#### [TASK INSTRUCTIONS]
Please repeat the entire listing verbatim and keep the pictures out.

#### [DATASET EXTRACT]

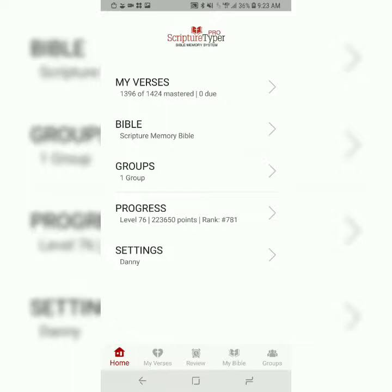As always, we'll be using the Scripture Typer Bible Memory System app that I highly recommend. Please see the first video on this playlist for a more in-depth tutorial on how I like to use this app.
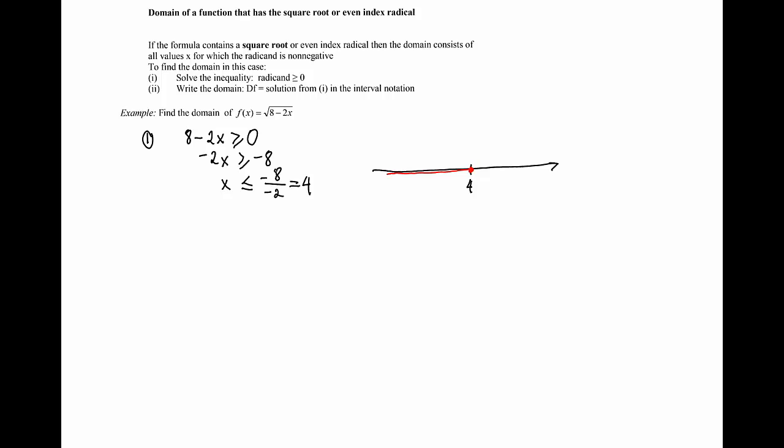And the step number 2 in the process is to write the domain. Domain of the function f is the interval from minus infinity to 4. We'll include 4 because 4 is allowed in the formula.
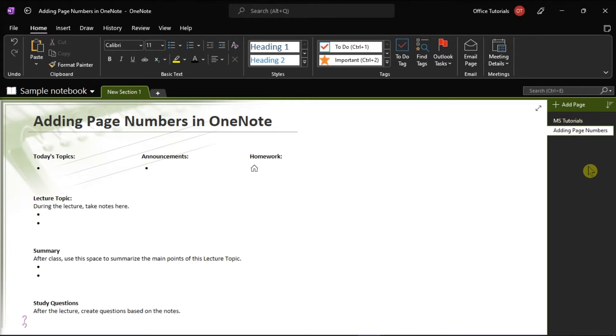Now, adding page numbers in OneNote is not accessible in the ribbon, but instead, OneNote automatically adds page numbers when you print.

#### [YOUR SOLUTION]
As always, we'll be using the Scripture Typer Bible Memory System app that I highly recommend. Please see the first video on this playlist for a more in-depth tutorial on how I like to use this app.
And the step number 2 in the process is to write the domain. Domain of the function f is the interval from minus infinity to 4. We'll include 4 because 4 is allowed in the formula.
Now, adding page numbers in OneNote is not accessible in the ribbon, but instead, OneNote automatically adds page numbers when you print.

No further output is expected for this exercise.